___ Records supplied

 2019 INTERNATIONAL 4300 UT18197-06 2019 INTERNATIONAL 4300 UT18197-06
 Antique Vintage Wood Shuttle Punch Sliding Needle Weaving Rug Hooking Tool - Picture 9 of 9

______
___ Records supplied

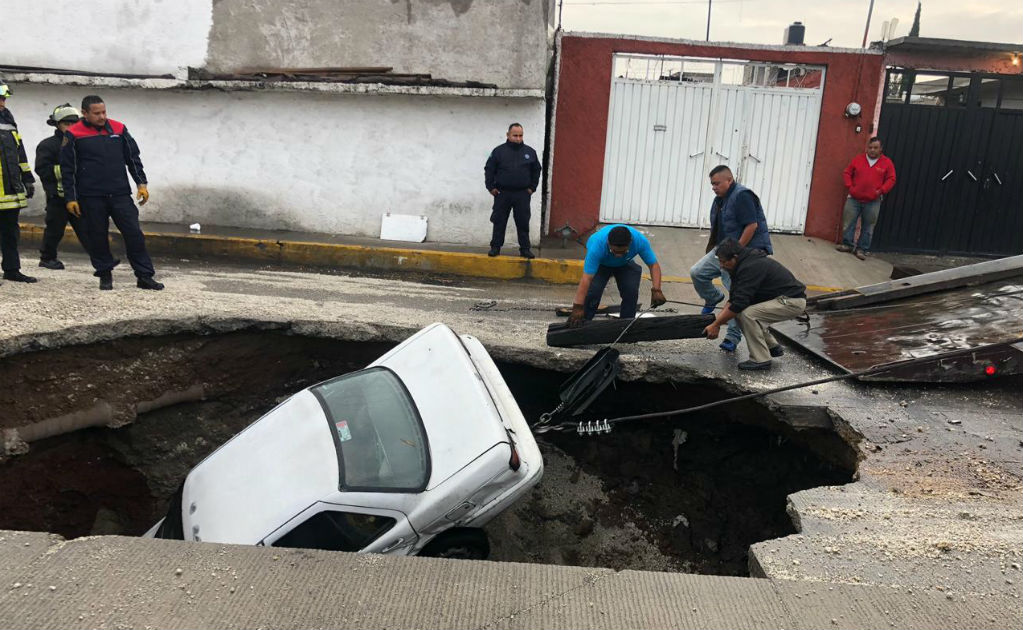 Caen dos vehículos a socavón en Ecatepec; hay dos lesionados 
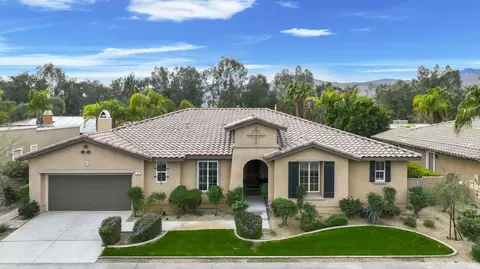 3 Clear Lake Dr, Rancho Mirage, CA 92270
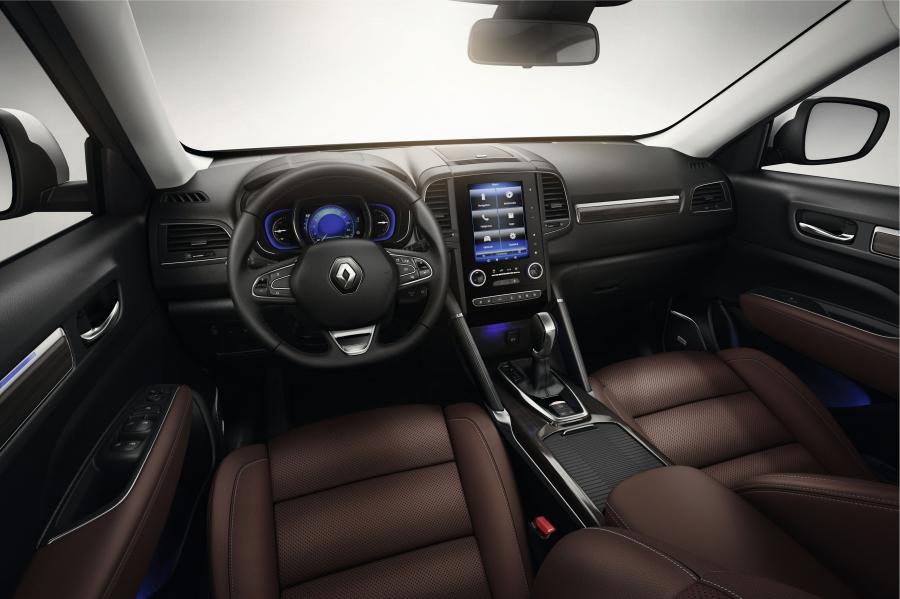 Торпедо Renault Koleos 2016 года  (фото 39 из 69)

______

> The task
Taking the records above, retype every line from the one with "2019 INTERNATIONAL 4300 UT18197-06 2019" down to the one with "Antique Vintage Wood", exactly and with nothing else.

> Worked solution
 2019 INTERNATIONAL 4300 UT18197-06 2019 INTERNATIONAL 4300 UT18197-06
 Antique Vintage Wood Shuttle Punch Sliding Needle Weaving Rug Hooking Tool - Picture 9 of 9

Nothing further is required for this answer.